[Work task] Leave out every picture, and return exactly the lines from the line containing "Quadrilateral GHIJ is" through the end of the records below, both inclusive.

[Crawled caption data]
>>>>

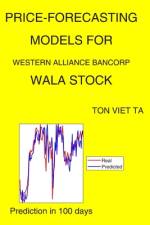 Price-Forecasting Models for Western Alliance Bancorp WALA Stock af Ton Viet Ta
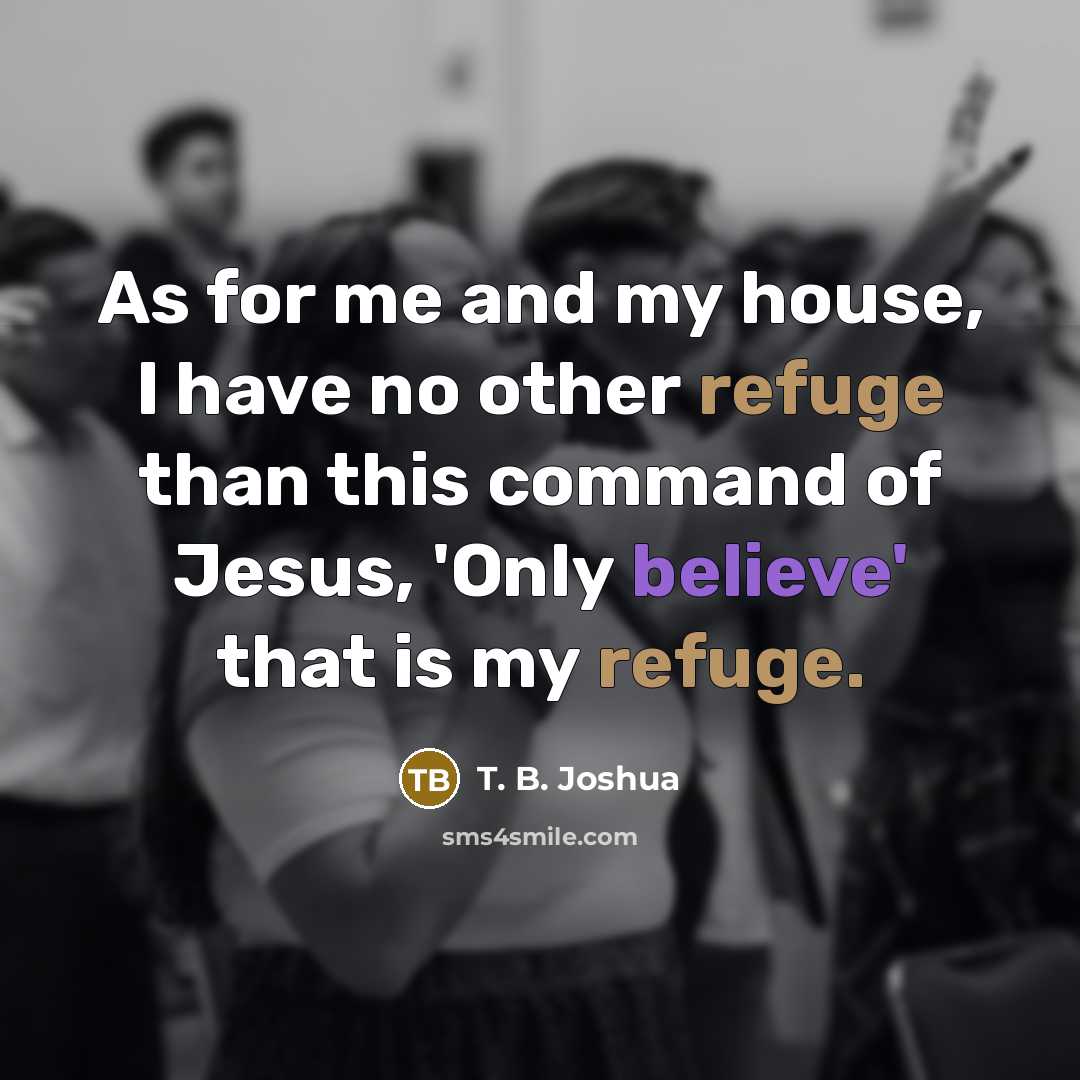 “As for me and my house, I have no other…” quote by T. B. Joshua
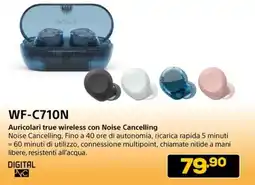 Euronics SONY WF-C710N Auricolari true wireless con Noise Cancelling offerta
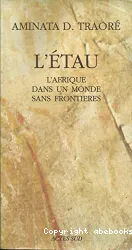 L'étau : l'Afrique dans un monde sans frontières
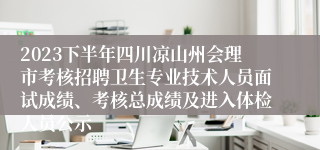 2023下半年四川凉山州会理市考核招聘卫生专业技术人员面试成绩、考核总成绩及进入体检人员公示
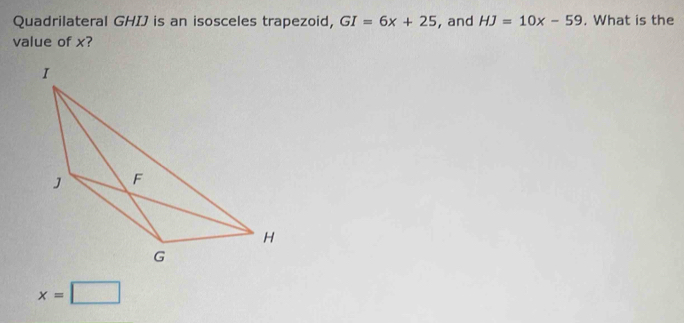 Quadrilateral GHIJ is an isosceles trapezoid, GI=6x+25 , and HJ=10x-59. What is the 
value of x?
x=□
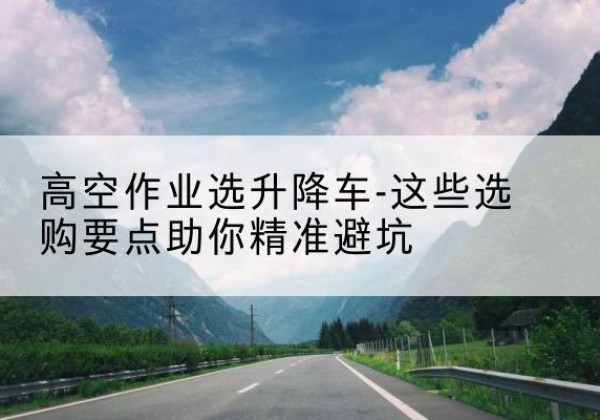 新城升降车厂家-高空作业选升降车-这些选购要点助你*避坑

<<<<

[Final answer]
 Quadrilateral GHIJ is an isosceles trapezoid, GI=6x+25 , and HJ=10x-59. What is the 
value of x?
x=□
 新城升降车厂家-高空作业选升降车-这些选购要点助你*避坑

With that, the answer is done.